▶ _Requirement_: Could you restate word for word only the lines below from the one holding "صفحه 43 از 241" to the one holding "Sensors 19 01176 g004", inclusive, and leave out the pictures?

▶ _Supplied data_:
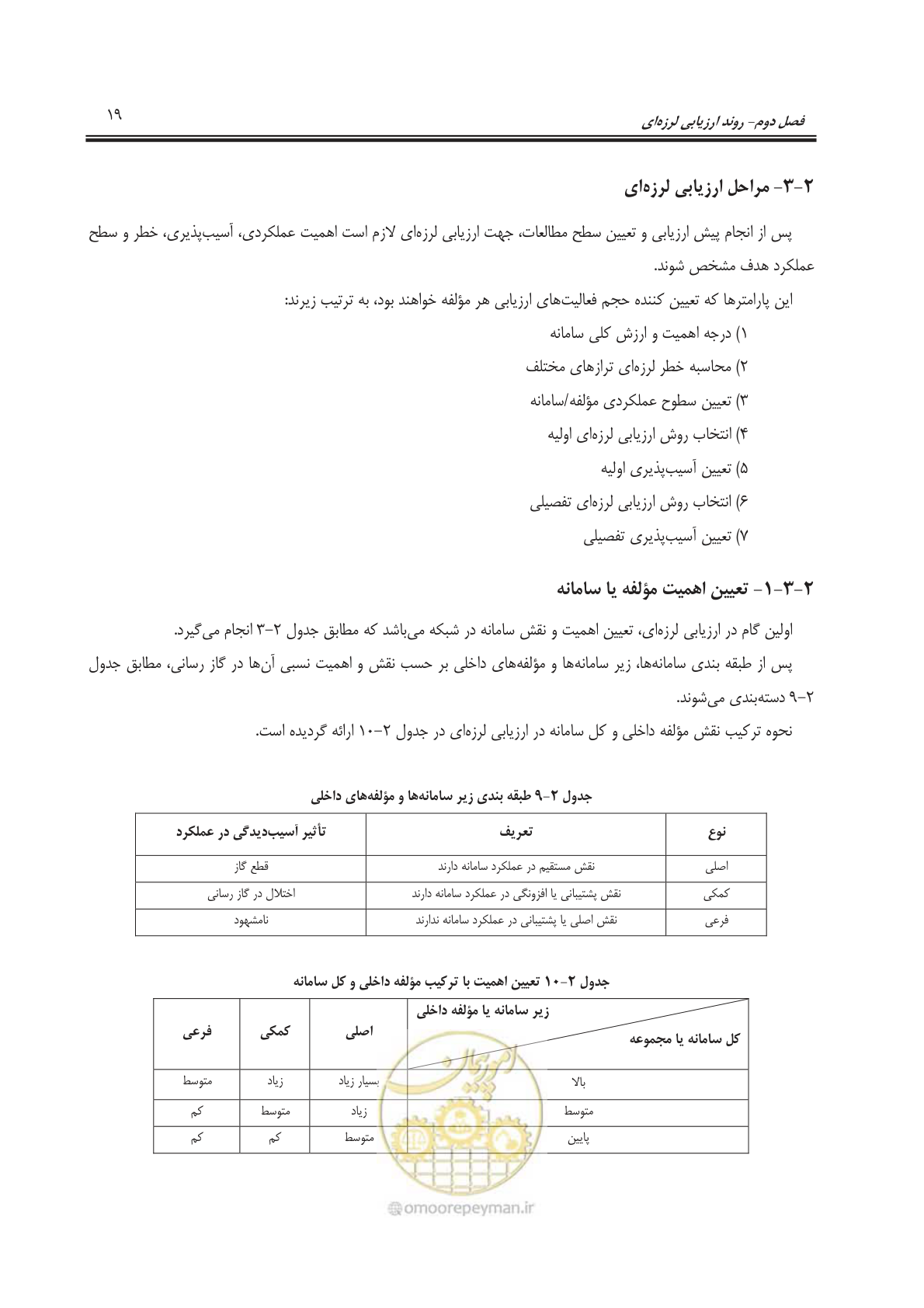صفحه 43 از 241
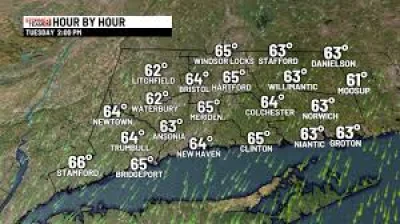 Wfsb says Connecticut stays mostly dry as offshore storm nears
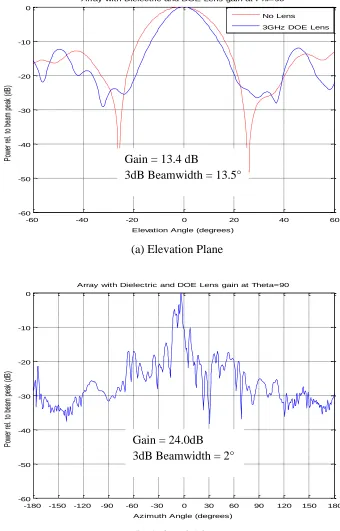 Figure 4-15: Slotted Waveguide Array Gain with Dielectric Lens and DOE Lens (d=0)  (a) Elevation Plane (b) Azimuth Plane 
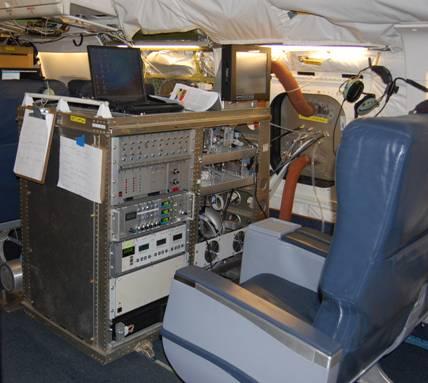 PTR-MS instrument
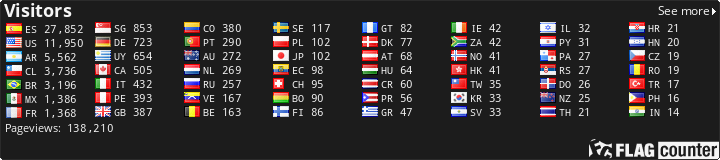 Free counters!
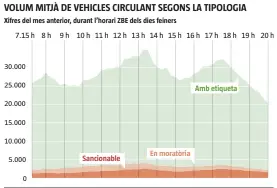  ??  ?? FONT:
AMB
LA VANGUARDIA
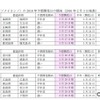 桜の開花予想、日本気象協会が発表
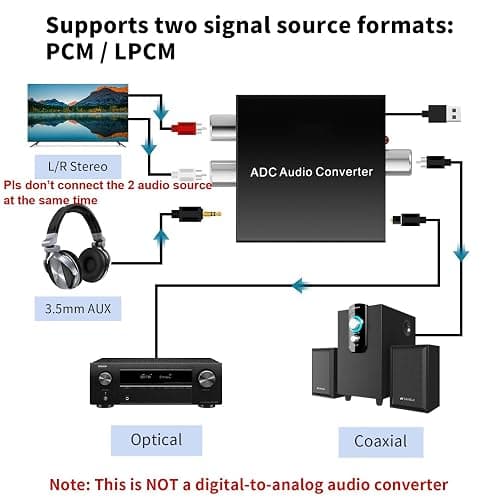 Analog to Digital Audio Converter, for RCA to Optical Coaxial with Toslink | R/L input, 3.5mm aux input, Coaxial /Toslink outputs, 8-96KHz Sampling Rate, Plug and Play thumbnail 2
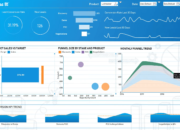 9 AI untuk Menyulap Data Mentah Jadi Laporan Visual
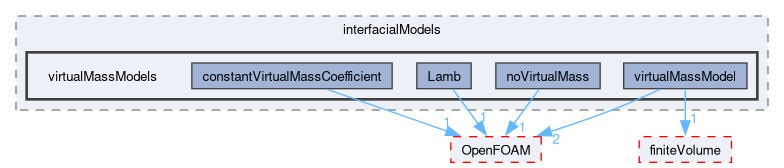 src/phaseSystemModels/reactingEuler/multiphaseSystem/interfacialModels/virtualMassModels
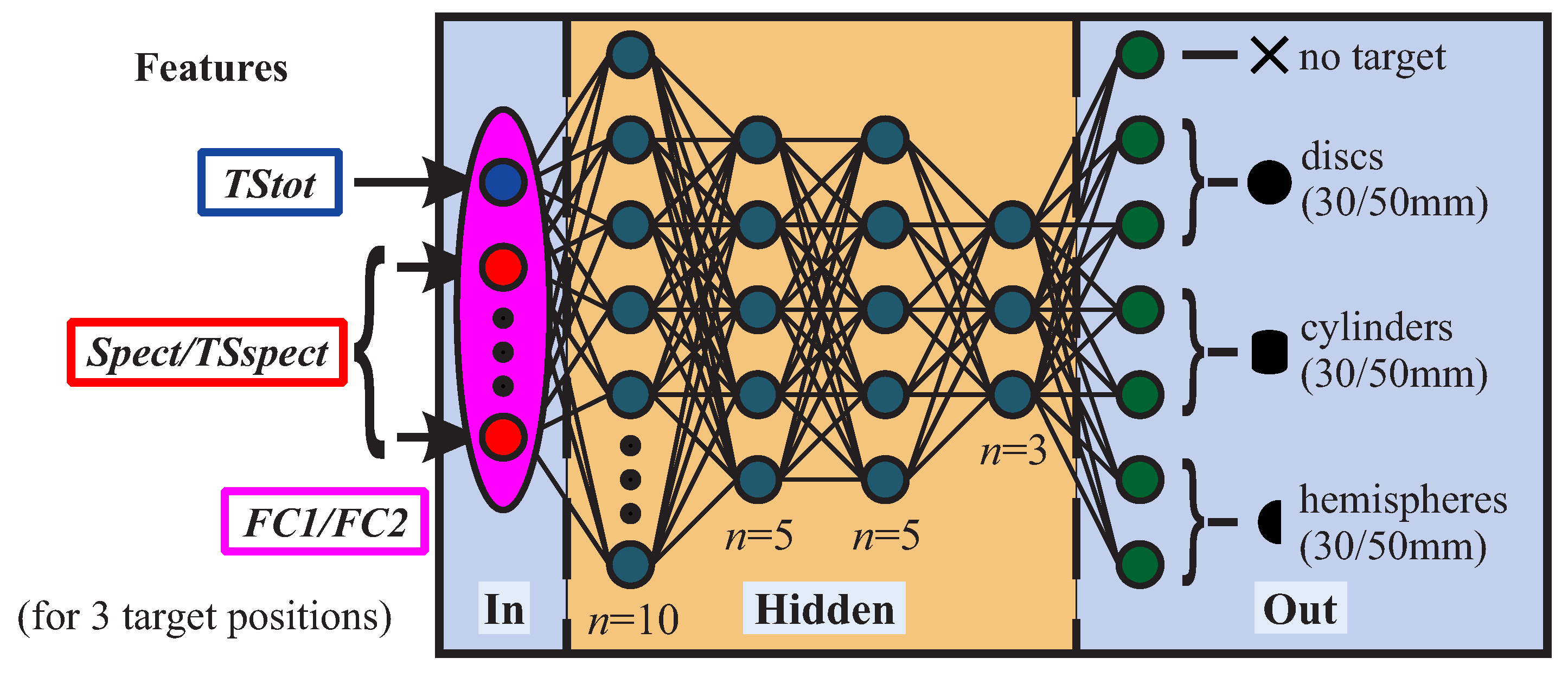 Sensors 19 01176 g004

==

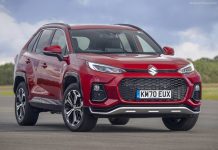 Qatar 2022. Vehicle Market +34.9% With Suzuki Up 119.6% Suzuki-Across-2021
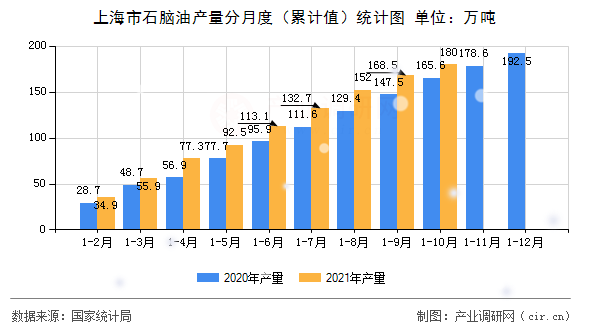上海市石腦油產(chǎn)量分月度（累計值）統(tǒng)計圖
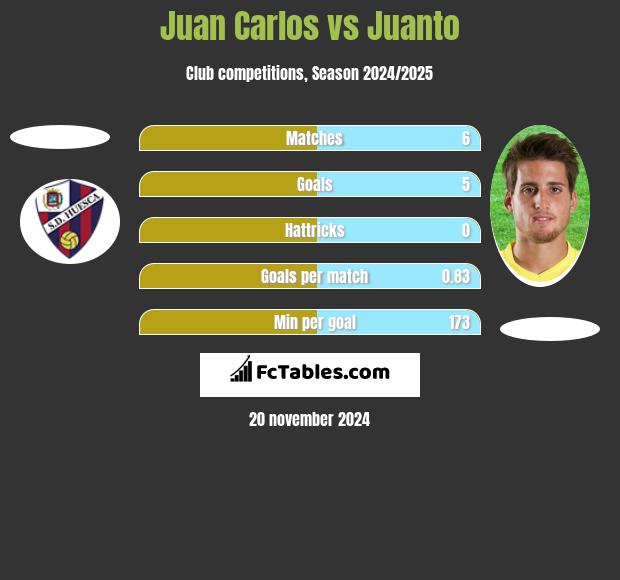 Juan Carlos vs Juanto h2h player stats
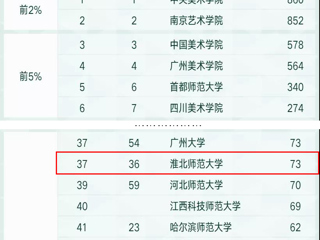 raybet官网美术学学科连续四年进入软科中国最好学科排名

...

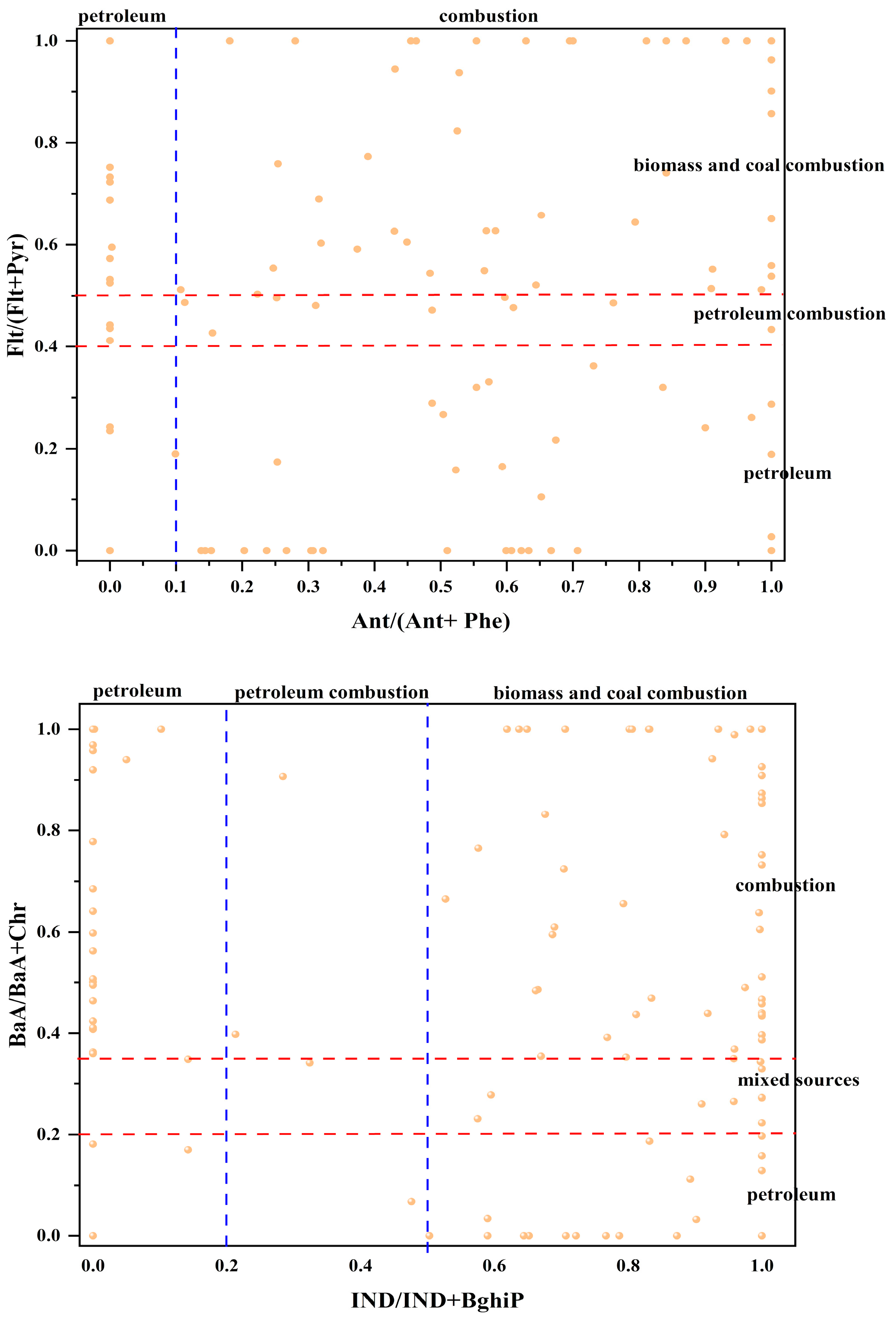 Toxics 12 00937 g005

▶ _Answer to this task_:
صفحه 43 از 241
 Wfsb says Connecticut stays mostly dry as offshore storm nears
 Figure 4-15: Slotted Waveguide Array Gain with Dielectric Lens and DOE Lens (d=0)  (a) Elevation Plane (b) Azimuth Plane 
 PTR-MS instrument
 Free counters!
  ??  ?? FONT:
AMB
LA VANGUARDIA
 桜の開花予想、日本気象協会が発表
 Analog to Digital Audio Converter, for RCA to Optical Coaxial with Toslink | R/L input, 3.5mm aux input, Coaxial /Toslink outputs, 8-96KHz Sampling Rate, Plug and Play thumbnail 2
 9 AI untuk Menyulap Data Mentah Jadi Laporan Visual
 src/phaseSystemModels/reactingEuler/multiphaseSystem/interfacialModels/virtualMassModels
 Sensors 19 01176 g004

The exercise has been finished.